Namun, sikap remaja terhadap konten sharenting yang dilakukan orangtua mereka di masa lalu sangat dipengaruhi oleh perilaku mereka di dunia maya saat ini. Remaja akan lebih bisa menerima perilaku sharenting orangtuanya di masa lalu jika mereka juga aktif di media sosial, dilakukan untuk mengarsipkan tumbuh kembang mereka, hingga mengelola persepsi publik tentang diri sang anak.
Baca juga: Belajar Pengasuhan Anak di Ruang Virtual
Orangtua perlu mengingat adanya ”batasan” saat akan mengunggah konten anak-anak mereka. Orangtua berhak untuk tetap terhubung dengan teman atau kenalan mereka. Namun, upaya itu seharusnya dilakukan dengan tetap menghormati hak dan privasi anak serta mempertimbangkan risikonya di masa depan.

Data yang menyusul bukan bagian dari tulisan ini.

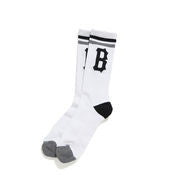Black Scale B Logo Penta Socks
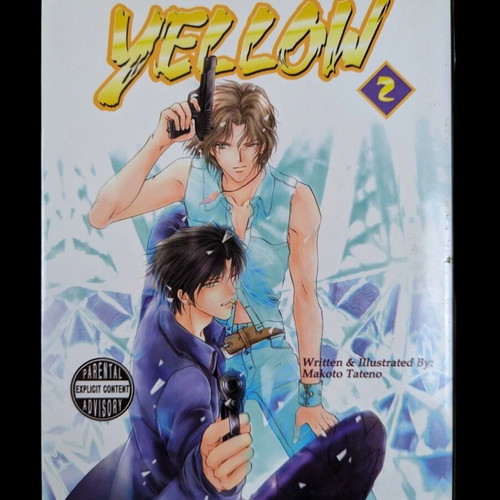 Yellow Τόμος 2 Manga Yaoi κόμικ καινούργιο, αγγλικά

Karena itu, penting bagi orangtua untuk selalu menimbang kondisi psikologi anak saat mereka akan mengunggah foto, video, dan informasi tentang mereka, apalagi saat mengunggah konten kejahilan (prank) terhadap anak. Jangan lupa untuk selalu meminta izin terlebih dahulu kepada anak setiap akan mengunggah konten tersebut.
Upaya itu tidak hanya menjaga privasi, keamanan, dan psikologis anak, tetapi juga bisa membangun kepercayaan anak kepada orangtua. Perilaku itu juga akan menjadi teladan yang baik dari orangtua kepada anaknya tentang bagaimana menjadi warganet yang baik.